Sam Mendes, American dreamer.

Posted by Vadim Rizov on
“Away We Go” is hitting the UK, and the London Times‘ Kate Muir points out the weirdness of director Sam Mendes — a native of Reading — setting himself up to be the premiere chronicler of the “American Dream.”
Muir cites the scolding given the film by New York Times critic A.O. Scott, who castigates Mendes as “a literary tourist from Britain who has missed the point every time he has crossed the ocean”: “The vague, secondhand ideas about the blight of the suburbs that sloshed around ‘American Beauty’ and ‘Revolutionary Road’ are now complemented by an equally incoherent set of notions about the open road, the pioneer spirit, the idealism of youth.”
Not everyone would agree; no less an American sage than Bill Clinton loved “American Beauty” (“an amazing film”). But it’s true that notions of America as an endless open road stretching out to a Woody Guthrie soundtrack (or alternately, as a disheartening series of strip malls and chain stores, apparently the only antidote) are perpetual and annoying. The road trip, the endless possibilities — none of them make much sense to the way anyone I know lives. The truth, as always, is neither that romantic not that dystopian.

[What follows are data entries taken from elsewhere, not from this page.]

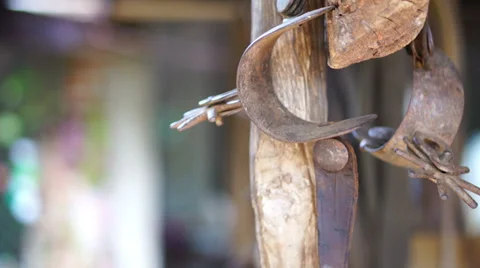 Cowboy Boot Spurs Stock Footage 34260028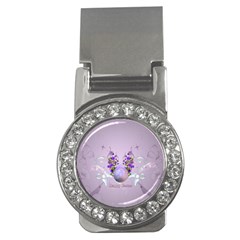 Happy Easter, Easter Egg With Flowers In Soft Violet Colors Money Clips (cz)  by FantasyWorld7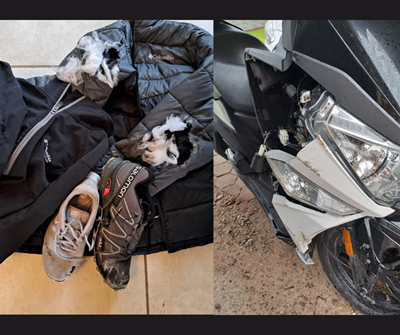Bok tref paartjie op motorfiets
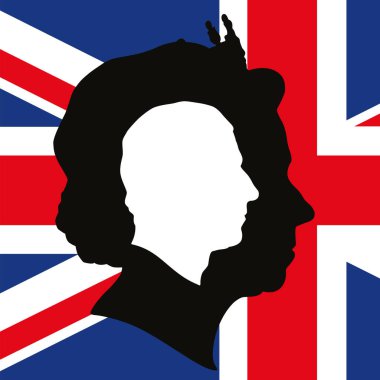 III. Charles ve II. Elizabeth İngiliz bayrağındaki profil silueti, vektör illüstrasyonu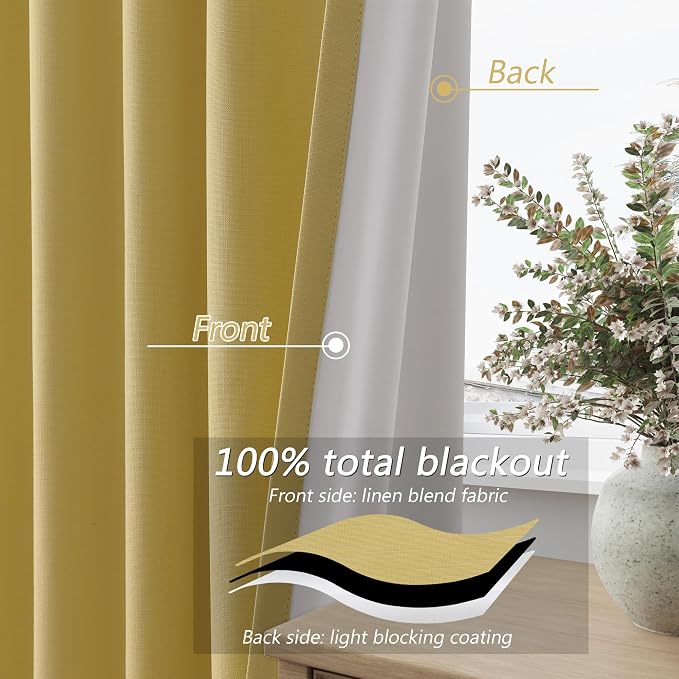 Yellow 100% Blackout Linen Curtains 84 Inch Length 2 Panels Set - Image 3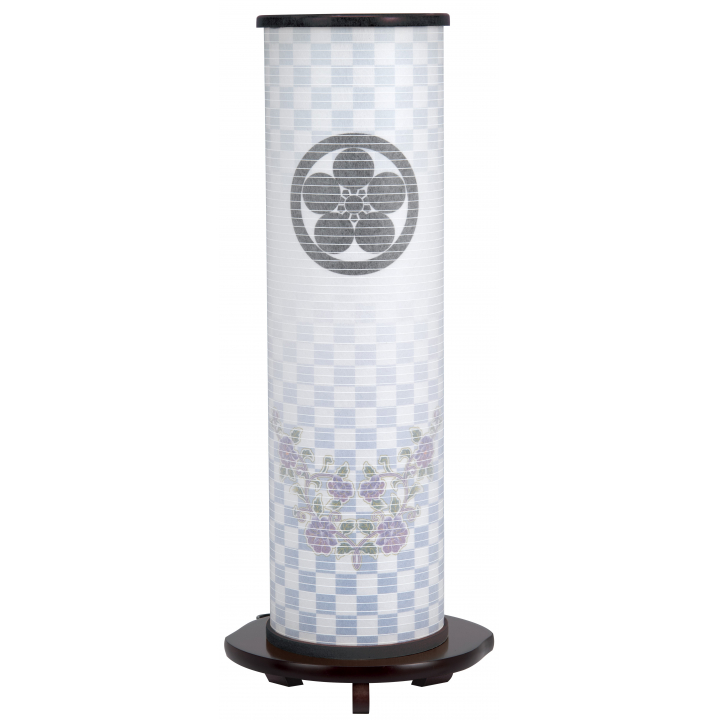 【提灯】【家紋入】弥生ワインレッド（市松ク?レー）高さ51ｃｍ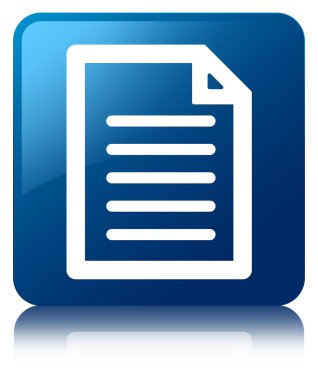 Alıntı sayfa simgesi parlak mavi yansıyan kare düğme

One thing that “Away We Go” relishes that can’t be done in England is, as Muir writes, “selecting a city to match your character: becoming an ironic New Yorker, a New Age San Franciscan, a lesbian in Provincetown, a lush in New Orleans.” It’s not an idea that’s very Hollywood, either — big-budget studio films tend to show a shocking lack of regional specificity, with Toronto standing as a generic metropolis, New Zealand turning out to be a perfectly acceptable place to shoot the suburbs, and New York/LA representing most of America, apparently.
The places we’re really dedicated to shooting in are the burn-outs and leftovers. The city that’s gotten the most play in recent years, oddly enough, is post-Katrina New Orleans, thanks to a series of tax breaks put in place. Movies like “Deja Vu” and “12 Rounds” have grounded themselves in an admittedly iconic city. “Gran Torino” eulogized Detroit; “The Wire” anatomized Baltimore’s decay. Hollywood’s lack of regional care is due to financial considerations rather than deliberate indifference, but it’s still weird: why do we only film our blights and our generic stand-ins? As someone who left Austin five years ago and pretty much miss it every day, even a lousy movie like “Spy Kids” gives me a little thrill when I recognize familiar streets. Every American region deserves that thrill, really.